For Cumbal and Potosí, aquaculture is an alternative given that the most vulnerable rural communities tend to have a broader range of subsistence strategies, particularly because of their situation of uncertainty. An FAO/World Bank study on farming systems, which was based on 70 crops in the global context, highlighted the following five key factors to counter poverty: intensification, diversification, increase in the asset base, increase in farm revenue, and exit from agriculture (Halwart, Funge-Smith, & Moelh, 2006).

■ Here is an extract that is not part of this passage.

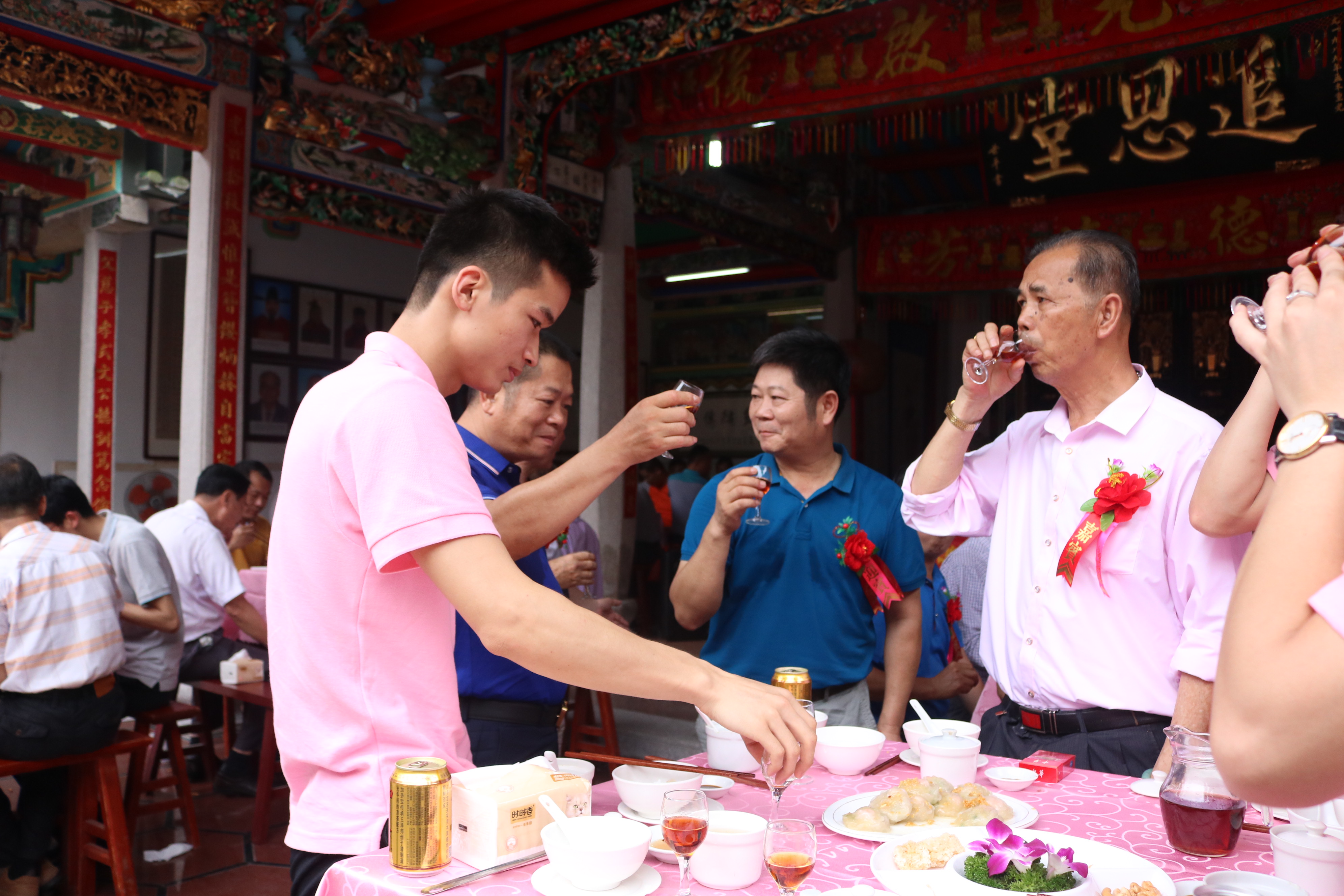 果陇人口_普宁果陇村抓毒图片(3)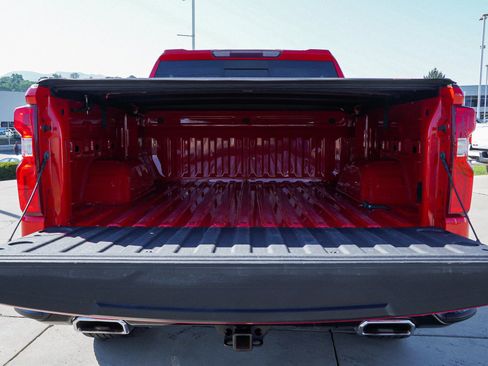 Used 2020 Chevrolet Silverado 1500 LT Trail Boss AWD/4WD image 14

According to Dixon, Gulliver, & Gibbon (2001), within diversification, aquaculture was evaluated as the only and most reliable manner to reduce poverty in rural communities and future generations. They also stated that it is essential to increase the competitiveness of small farms to increase the capacity of small producers in agriculture systems to respond adequately to trade, as well as the opening up of the market and market development. Therefore, the following factors must be included: group training on business, management, and administration techniques; improved technologies for high-value production; reduction of entry barriers for small enterprises; strengthening of partnerships; and facilitating  or partially financing rural infrastructure development.

Internal Assessment

A survey on socioeconomic, business, productivity, environmental and commercial information factors was needed for internal assessment of the businesses in the fish farming sector in Cumbal and Potosí. Based on the these factors, their strengths and weaknesses were determined and placed into an internal categorization profile matrix (ICPM), which classifies   them as having high, medium, and low impact. The inputs in this matrix generated the high-impact variables weighted in the MEFI matrix, which further determined the degree of internal positioning of the companies in the fish sector (Table 2), adapted from (Serna, 2014) and (Fred, 2013)). Analysis of the internal context shows that the total weighted scored is less than the average (2.5), which implies that fish farmers have serious weaknesses and that it is necessary to create strategies to improve their internal environment. These strategies must determine the direction, route, and target that each producer wants to achieve through the activities of associative fish farming groups in Cumbal and Potosí. The challenges that small producers face are tougher because their activities are part of a changing, ambiguous, and demanding environment in the optimization of the final product. Saz, Gil & Marcuello (2007) stated that in a changing environment, there is a need for competitive advantages and actions that support service with a capacity for early and agile responses to any internal or external problem that may arise.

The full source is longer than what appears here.